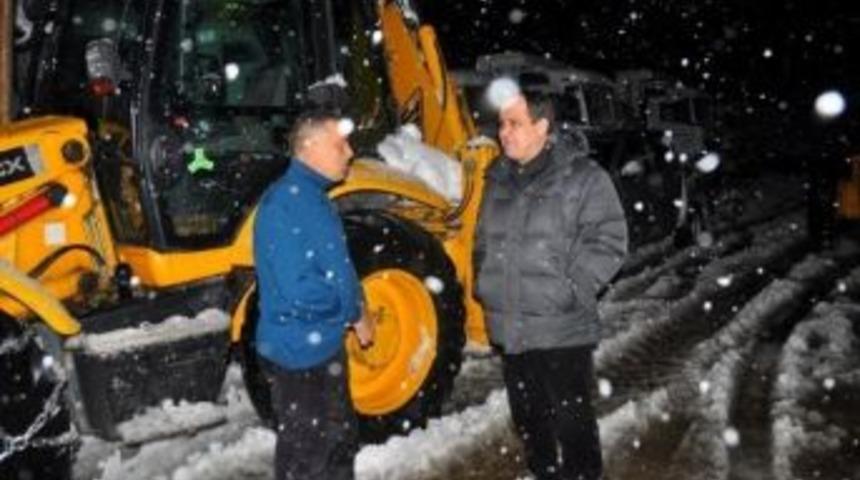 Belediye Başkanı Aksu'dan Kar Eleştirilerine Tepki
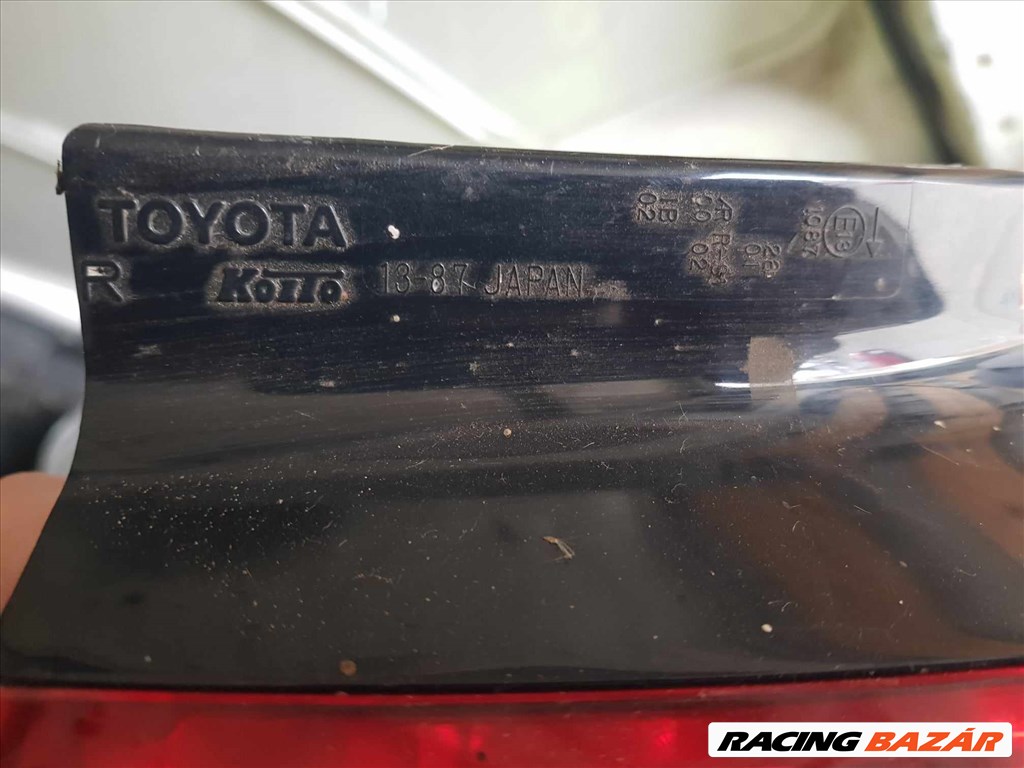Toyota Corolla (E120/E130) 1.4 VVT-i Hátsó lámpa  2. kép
※ ※ ※
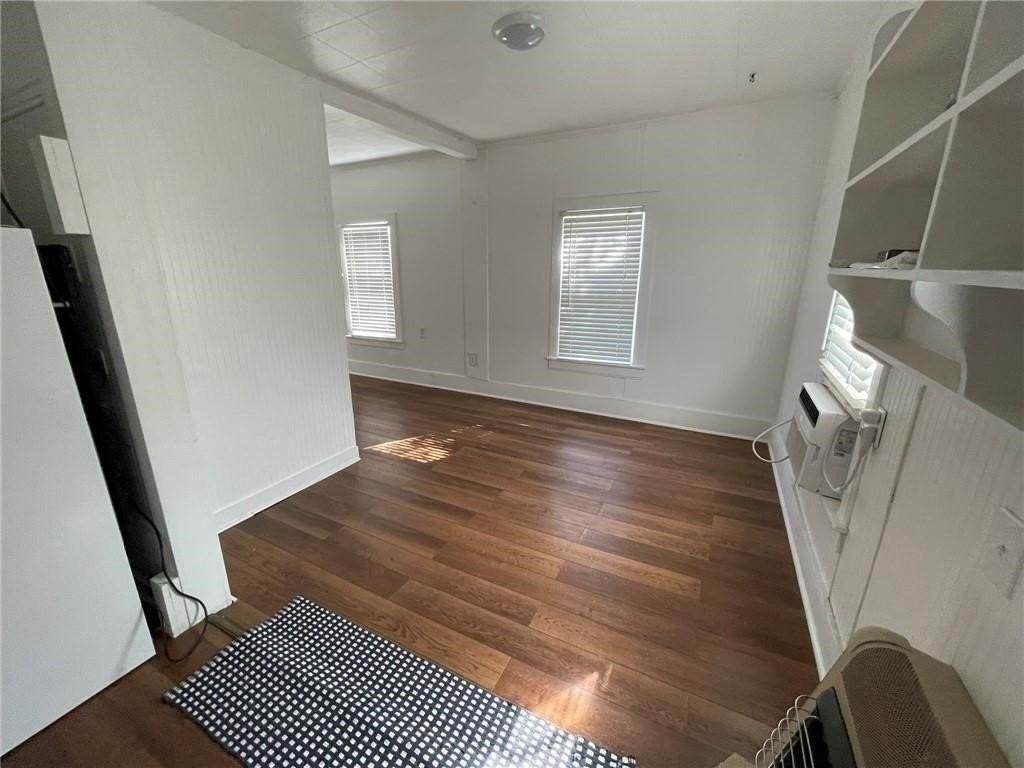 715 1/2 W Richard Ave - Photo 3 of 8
※ ※ ※
**WHAT YOU NEED TO DO:** Exact copy, no pictures. Write out the lines in the entries above, starting with the line with "Belediye Başkanı Aksu'dan" and going on through the line with "Toyota Corolla (E120/E130)", keeping both.

**REPLY TO THE TASK:**
 Belediye Başkanı Aksu'dan Kar Eleştirilerine Tepki
Toyota Corolla (E120/E130) 1.4 VVT-i Hátsó lámpa  2. kép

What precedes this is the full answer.